• [Work to be completed]:
The response should consist of the records that follow, repeated exactly.

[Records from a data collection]
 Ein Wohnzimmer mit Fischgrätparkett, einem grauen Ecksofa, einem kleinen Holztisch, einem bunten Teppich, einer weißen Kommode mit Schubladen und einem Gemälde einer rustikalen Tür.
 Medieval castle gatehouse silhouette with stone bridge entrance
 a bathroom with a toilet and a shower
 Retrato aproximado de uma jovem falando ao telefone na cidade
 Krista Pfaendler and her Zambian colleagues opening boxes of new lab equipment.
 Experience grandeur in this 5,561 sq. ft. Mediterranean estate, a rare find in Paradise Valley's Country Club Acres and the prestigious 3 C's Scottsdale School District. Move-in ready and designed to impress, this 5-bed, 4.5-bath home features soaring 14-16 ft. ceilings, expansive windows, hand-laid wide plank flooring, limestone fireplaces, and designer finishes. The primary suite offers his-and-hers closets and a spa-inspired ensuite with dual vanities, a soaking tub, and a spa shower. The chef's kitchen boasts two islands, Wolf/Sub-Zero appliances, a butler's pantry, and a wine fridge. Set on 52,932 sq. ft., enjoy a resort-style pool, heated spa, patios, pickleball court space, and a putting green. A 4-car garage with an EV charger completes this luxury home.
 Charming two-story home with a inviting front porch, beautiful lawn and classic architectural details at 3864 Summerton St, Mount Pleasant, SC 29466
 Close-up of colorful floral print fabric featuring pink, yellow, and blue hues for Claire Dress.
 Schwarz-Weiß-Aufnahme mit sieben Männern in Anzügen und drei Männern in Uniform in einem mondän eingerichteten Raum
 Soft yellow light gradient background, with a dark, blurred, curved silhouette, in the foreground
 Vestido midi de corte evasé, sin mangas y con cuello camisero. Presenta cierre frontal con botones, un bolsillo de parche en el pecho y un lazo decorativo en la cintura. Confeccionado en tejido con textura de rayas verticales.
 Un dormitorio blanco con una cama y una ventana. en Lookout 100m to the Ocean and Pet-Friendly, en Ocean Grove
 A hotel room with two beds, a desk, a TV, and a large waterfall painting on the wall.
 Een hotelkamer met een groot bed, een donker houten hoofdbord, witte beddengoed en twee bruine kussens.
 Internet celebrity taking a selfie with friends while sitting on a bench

• [Your solution]:
 Ein Wohnzimmer mit Fischgrätparkett, einem grauen Ecksofa, einem kleinen Holztisch, einem bunten Teppich, einer weißen Kommode mit Schubladen und einem Gemälde einer rustikalen Tür.
 Medieval castle gatehouse silhouette with stone bridge entrance
 a bathroom with a toilet and a shower
 Retrato aproximado de uma jovem falando ao telefone na cidade
 Krista Pfaendler and her Zambian colleagues opening boxes of new lab equipment.
 Experience grandeur in this 5,561 sq. ft. Mediterranean estate, a rare find in Paradise Valley's Country Club Acres and the prestigious 3 C's Scottsdale School District. Move-in ready and designed to impress, this 5-bed, 4.5-bath home features soaring 14-16 ft. ceilings, expansive windows, hand-laid wide plank flooring, limestone fireplaces, and designer finishes. The primary suite offers his-and-hers closets and a spa-inspired ensuite with dual vanities, a soaking tub, and a spa shower. The chef's kitchen boasts two islands, Wolf/Sub-Zero appliances, a butler's pantry, and a wine fridge. Set on 52,932 sq. ft., enjoy a resort-style pool, heated spa, patios, pickleball court space, and a putting green. A 4-car garage with an EV charger completes this luxury home.
 Charming two-story home with a inviting front porch, beautiful lawn and classic architectural details at 3864 Summerton St, Mount Pleasant, SC 29466
 Close-up of colorful floral print fabric featuring pink, yellow, and blue hues for Claire Dress.
 Schwarz-Weiß-Aufnahme mit sieben Männern in Anzügen und drei Männern in Uniform in einem mondän eingerichteten Raum
 Soft yellow light gradient background, with a dark, blurred, curved silhouette, in the foreground
 Vestido midi de corte evasé, sin mangas y con cuello camisero. Presenta cierre frontal con botones, un bolsillo de parche en el pecho y un lazo decorativo en la cintura. Confeccionado en tejido con textura de rayas verticales.
 Un dormitorio blanco con una cama y una ventana. en Lookout 100m to the Ocean and Pet-Friendly, en Ocean Grove
 A hotel room with two beds, a desk, a TV, and a large waterfall painting on the wall.
 Een hotelkamer met een groot bed, een donker houten hoofdbord, witte beddengoed en twee bruine kussens.
 Internet celebrity taking a selfie with friends while sitting on a bench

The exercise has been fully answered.